------ LISTED RECORDS ------

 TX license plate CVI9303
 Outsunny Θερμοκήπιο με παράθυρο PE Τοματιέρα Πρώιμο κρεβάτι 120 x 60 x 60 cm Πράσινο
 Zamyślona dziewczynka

------
------ LISTED RECORDS ------

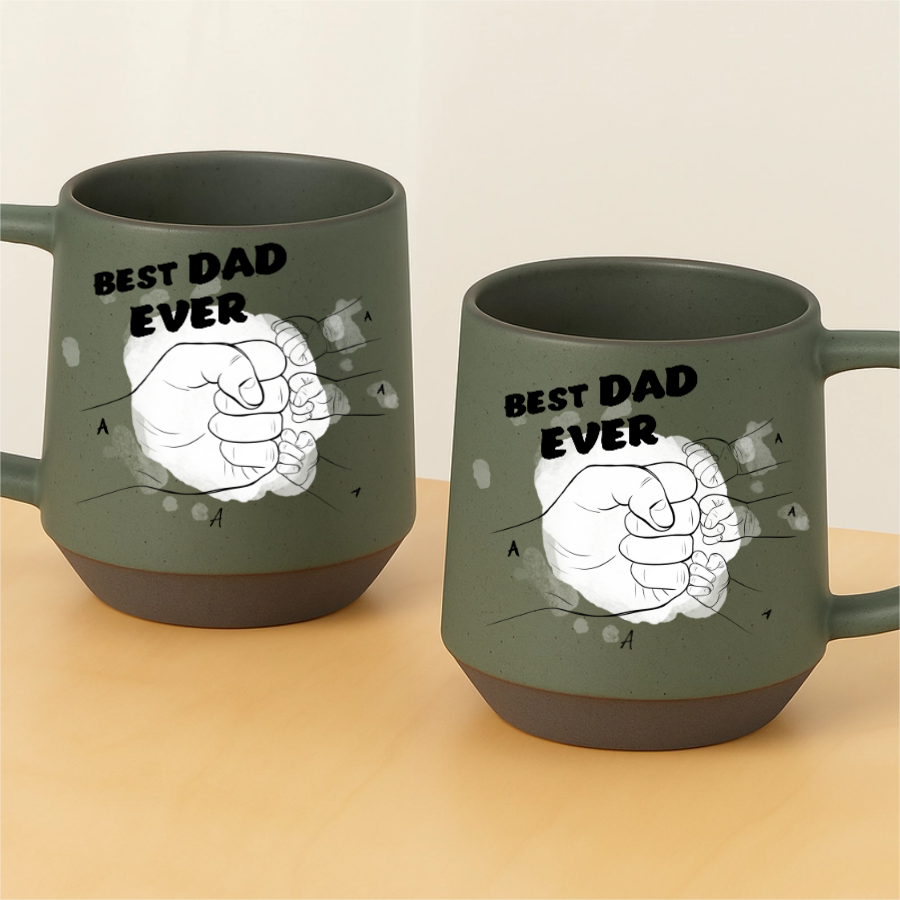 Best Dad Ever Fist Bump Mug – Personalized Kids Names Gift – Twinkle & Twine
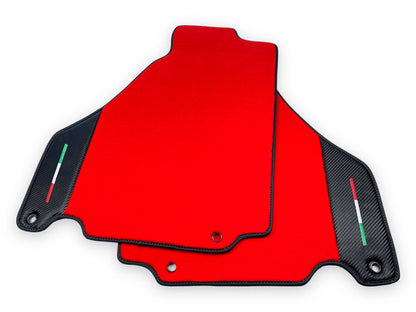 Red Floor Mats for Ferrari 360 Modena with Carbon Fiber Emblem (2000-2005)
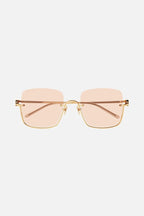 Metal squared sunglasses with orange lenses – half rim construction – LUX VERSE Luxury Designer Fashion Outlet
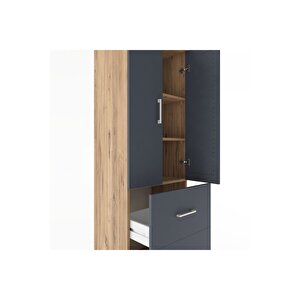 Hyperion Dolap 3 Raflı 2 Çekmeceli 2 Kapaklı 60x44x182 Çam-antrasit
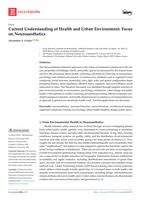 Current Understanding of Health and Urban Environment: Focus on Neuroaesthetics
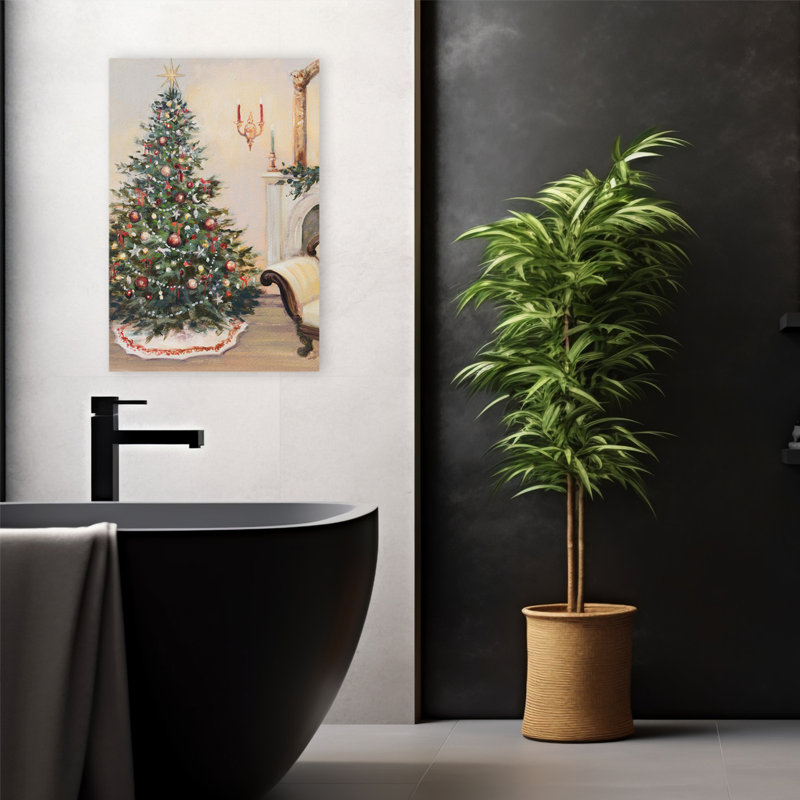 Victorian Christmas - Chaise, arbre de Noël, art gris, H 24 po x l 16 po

------

All that is wanted is the stretch of lines above from the one containing "TX license plate CVI9303" through the one containing "Zamyślona dziewczynka", duplicated exactly.

 TX license plate CVI9303
 Outsunny Θερμοκήπιο με παράθυρο PE Τοματιέρα Πρώιμο κρεβάτι 120 x 60 x 60 cm Πράσινο
 Zamyślona dziewczynka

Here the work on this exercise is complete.